Il cuore dell’AI Act è la classificazione dei sistemi di intelligenza artificiale in base al rischio che rappresentano per i diritti fondamentali riconosciuti dall’Unione Europea. “Più un sistema espone a rischi insanabili per i diritti fondamentali, più sarà limitato o addirittura vietato”, chiarisce il professor Micozzi.
I sistemi di intelligenza artificiale ad alto rischio saranno soggetti a valutazioni preventive, controlli e misure tecniche volte a ridurre possibili impatti negativi sui cittadini. “Per questi sistemi saranno obbligatorie valutazioni sui diritti fondamentali e accorgimenti tecnici per mitigare i rischi”, sottolinea l’esperto.
I sistemi di AI generativa, come chatbot e modelli general purpose, non sono considerati ad alto rischio ma devono rispettare precisi obblighi di trasparenza informativa. “Chi diffonde contenuti generati dall’intelligenza artificiale dovrà dichiararlo, soprattutto per contrastare il rischio crescente di disinformazione”, afferma Micozzi.

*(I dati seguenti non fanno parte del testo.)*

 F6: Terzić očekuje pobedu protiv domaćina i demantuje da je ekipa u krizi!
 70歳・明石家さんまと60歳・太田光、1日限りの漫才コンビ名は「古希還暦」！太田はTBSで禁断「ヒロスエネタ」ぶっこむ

L’Europa ha scelto un approccio centrato sulla tutela dei diritti umani, distinto dal modello statunitense orientato al mercato e da quello cinese basato sul controllo governativo. “L’Europa ha messo i diritti fondamentali al centro, ed è per questo che il suo modello viene copiato da molti Paesi”, evidenzia il docente.
L’uso intensivo dell’intelligenza artificiale sta già producendo effetti concreti sulle competenze professionali e sulle capacità decisionali degli utenti. “Una volta iniziato a usare l’AI, diventa difficile tornare indietro, con un progressivo impoverimento delle competenze”, avverte Micozzi.
Quando un sistema di intelligenza artificiale provoca un danno, la responsabilità giuridica ricade sugli esseri umani coinvolti nello sviluppo o nell’utilizzo del sistema. “L’intelligenza artificiale non ha personalità giuridica, quindi la responsabilità è sempre umana”, conclude Francesco Paolo Micozzi.